In 2010 Anderson worked with Belle & Sebastian on the promotional film "Belle & Sebastian Write About Love", launched to coincide with the release of the album of the same name. Playing the dual roles of host and the group's stressed but pragmatic manager, the film also features the band performing songs from the album. The Guardian selected the show as a Pick of the Week, calling it "brilliantly filmed, edited and slightly oddball". Anderson reprised his role by introducing the band onstage for their headline slot at the All Tomorrows Parties Festival in December 2010 in Minehead. Anderson has talked about working with the band as well as his passion for music.

Anderson has written, directed and starred in various short films. In 2009, he made The Skills of Conversation – The Heartburn Pause.

In 2011, Anderson completed an international distribution deal for his latest short film Timber! which will be shown in the USA and Europe. Written and directed by Anderson, the film also stars Miles Jupp and Emily Bevan.

== Books ==
His first book was the novella-length What To Talk About When There’s Nothing To Talk About, designed to help those who struggle to have anything to talk about at social events, such as dinner parties, where conversation is imperative.

His second book, Left Of The Mainstream, published in 2016, has been critically acclaimed.
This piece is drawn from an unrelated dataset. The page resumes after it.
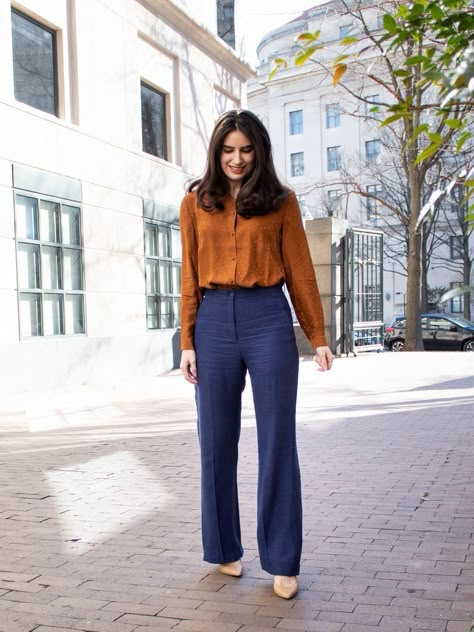 Rust Top Outfit, Navy Blue Pants Outfit, Blue Trousers Outfit, Navy Pants Outfit, What To Wear On Thanksgiving, Blush Blazer, Navy Wide Leg Trousers, Blue Pants Outfit, Navy Blue Outfit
The book is part memoir and part guide to DIY creativity and features vignettes of his career thus far, ranging from the highs of multi-faceted creativity and genuine A-list celebrity shoulder-rubbing to the lows of severe allergic reactions to bus travel and unexpected near-death experiences.

== Podcast ==
Anderson has made three series and a number of specials of his music podcast, The Public Service Broadcast. They see him playing the best in new music, older and often little-known classics, film and television soundtracks.

He has also hosted Back To The Culture which sees him interview comedian Miles Jupp about his greatest cultural passions.

His latest is Seven Floors Up, a mix series on Mixcloud which began in 2019 and runs to the present day. These mixes see a variety of music genres interspersed with an array audio clips.

==Other work==

In 2011 Douglas presented Scoreboard, the first ever football show to be broadcast on Facebook. The show made by Screenpop, a subsidiary of Fremantle Media featured predictions by pundits Scott Minto and Jason Cundy and the online Facebook audience on the forthcoming weekend Premier League matches.

Anderson runs club events in Glasgow, Edinburgh and London. He is currently resident DJ at Dirty Little Secret at Madame Jojo's in Soho and has also appeared on numerous occasions at Scared To Dance in London.

Anderson has written for The Scotsman, The Herald and BBC Online. He has written articles on various cultural figures including Serge Gainsbourg, The Beta Band, Harvey Pekar, Bob Monkhouse and Bob Lind.